* Activity
Using the data below, set down every line from the one containing "Days Inn By" through the one containing "2 bedroom flat", inclusive and unchanged. Pictures are to be skipped.

* Dataset records
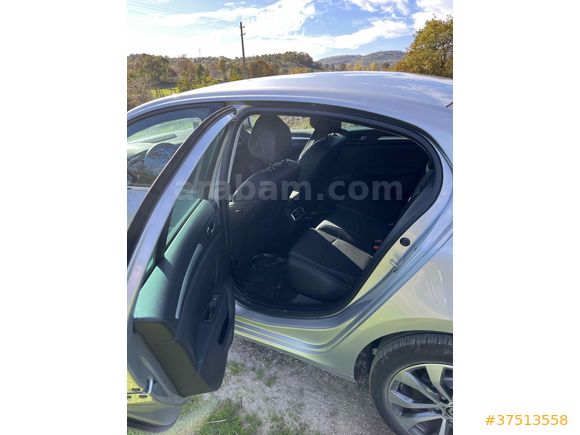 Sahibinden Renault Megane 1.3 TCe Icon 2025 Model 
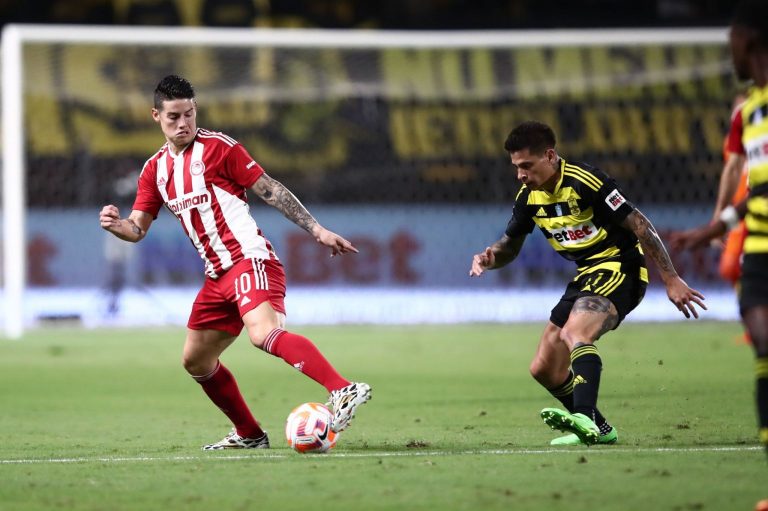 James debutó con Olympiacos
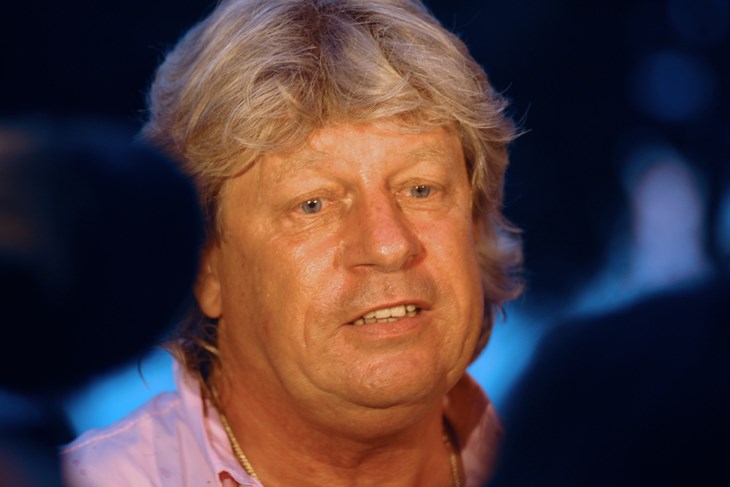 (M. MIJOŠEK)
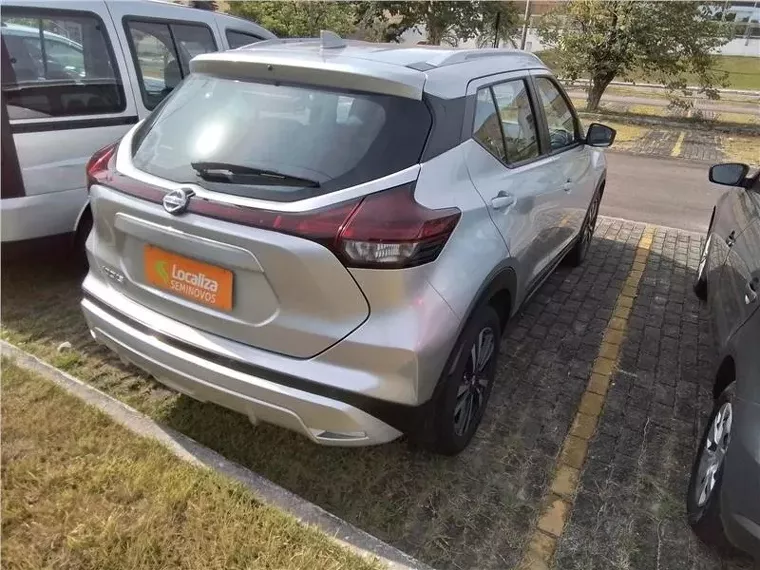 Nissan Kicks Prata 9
...
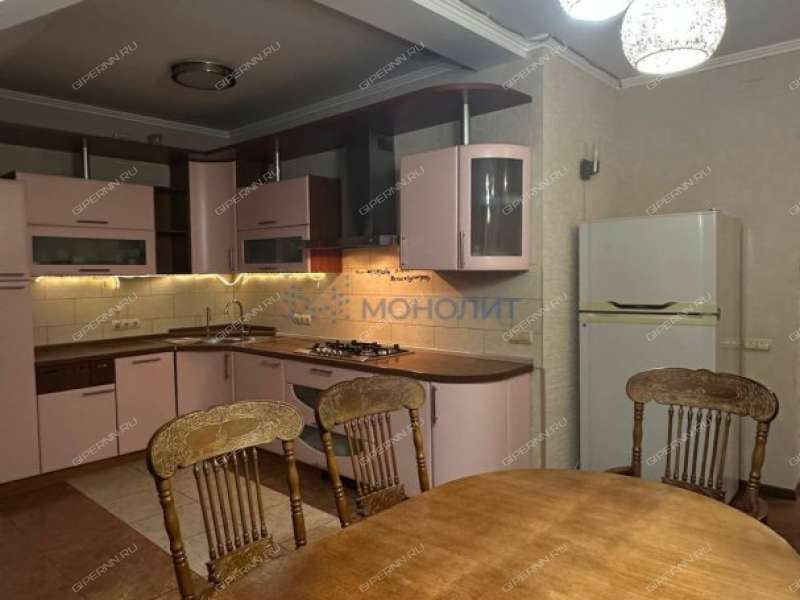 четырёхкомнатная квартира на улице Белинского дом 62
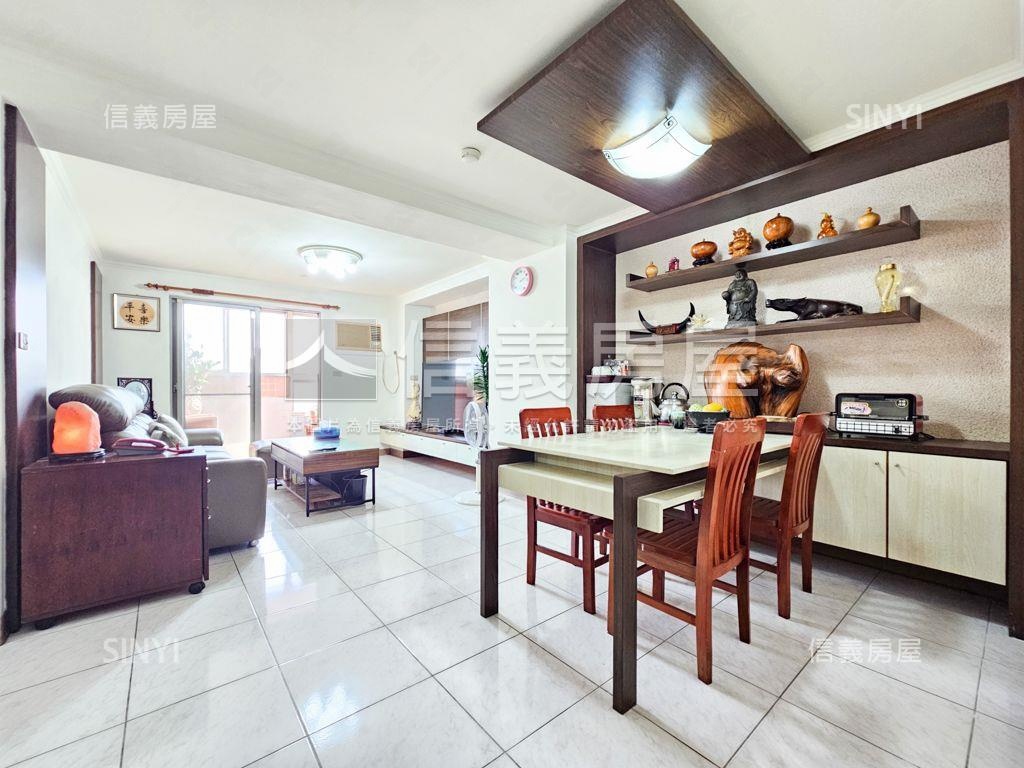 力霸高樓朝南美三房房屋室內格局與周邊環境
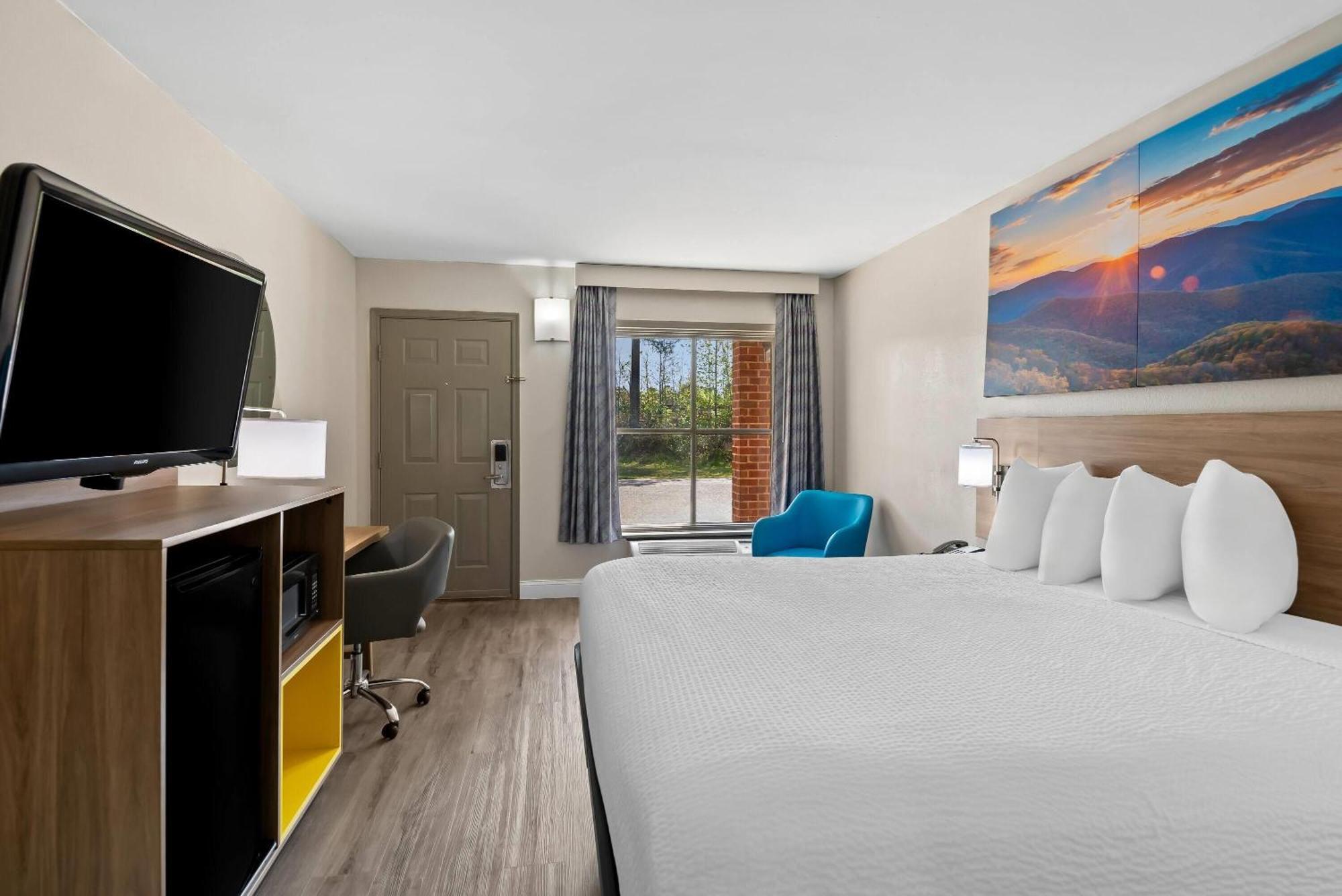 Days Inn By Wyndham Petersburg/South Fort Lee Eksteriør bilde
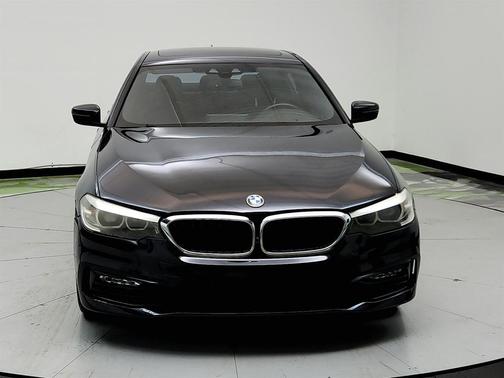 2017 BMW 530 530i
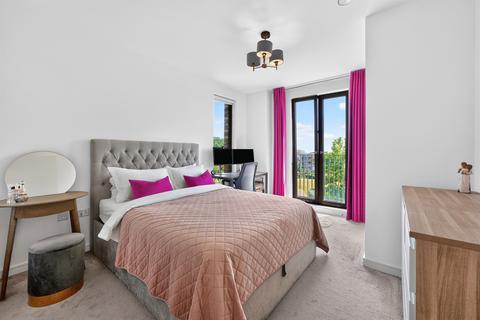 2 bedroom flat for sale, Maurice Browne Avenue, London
==
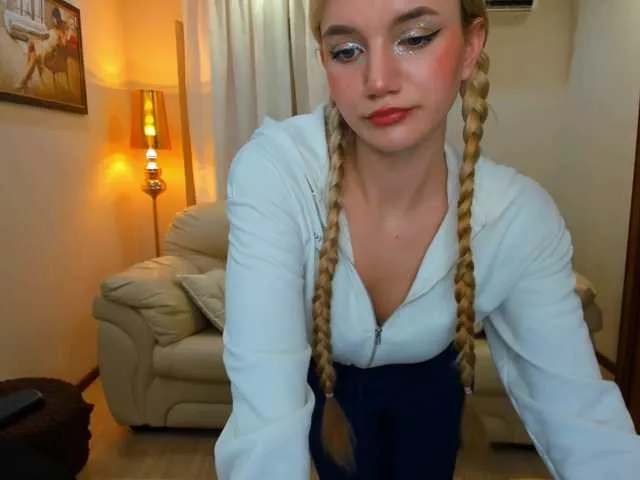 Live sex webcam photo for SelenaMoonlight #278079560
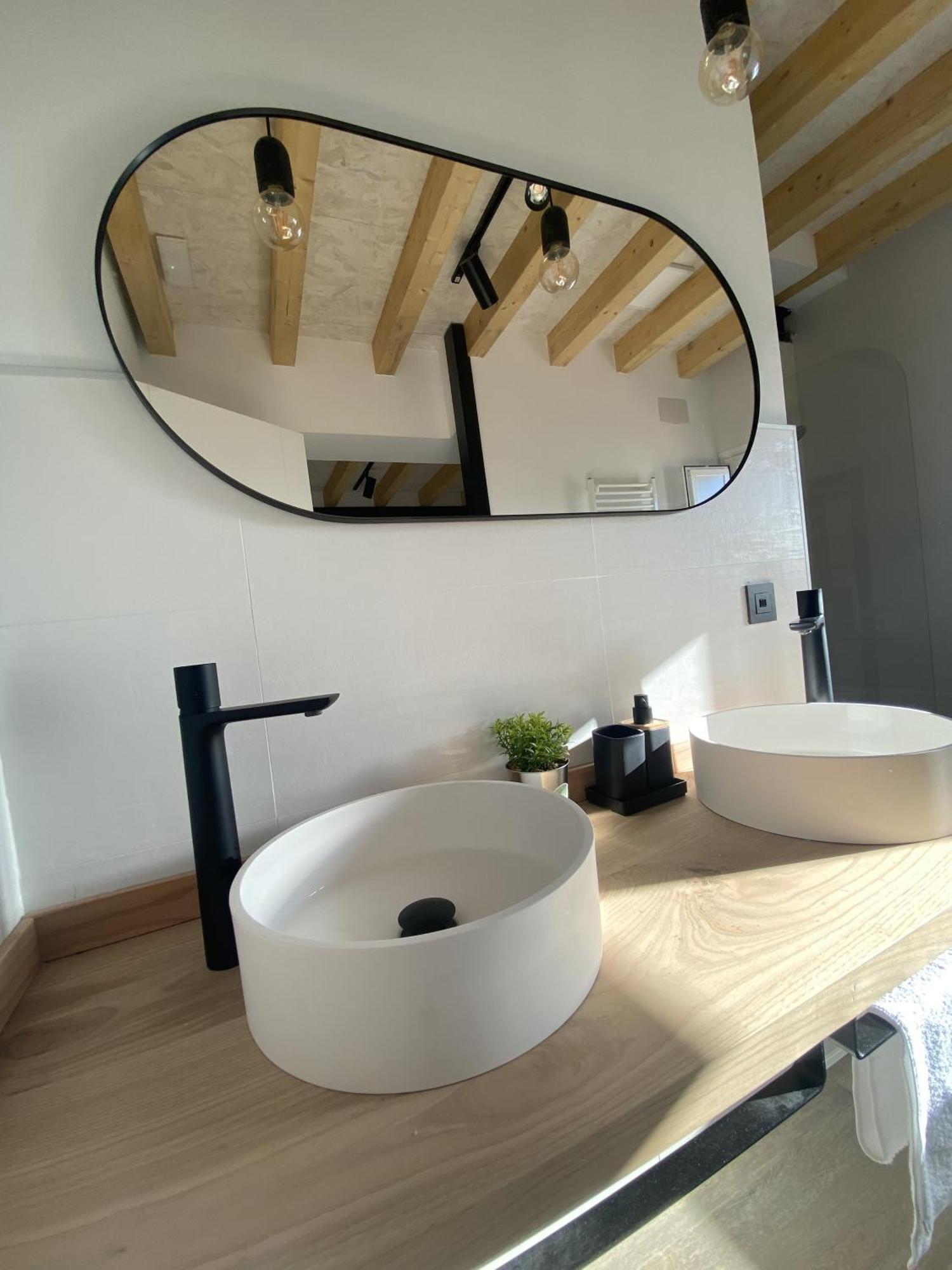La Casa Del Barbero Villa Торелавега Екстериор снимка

* Your response
 Days Inn By Wyndham Petersburg/South Fort Lee Eksteriør bilde
 2017 BMW 530 530i
 2 bedroom flat for sale, Maurice Browne Avenue, London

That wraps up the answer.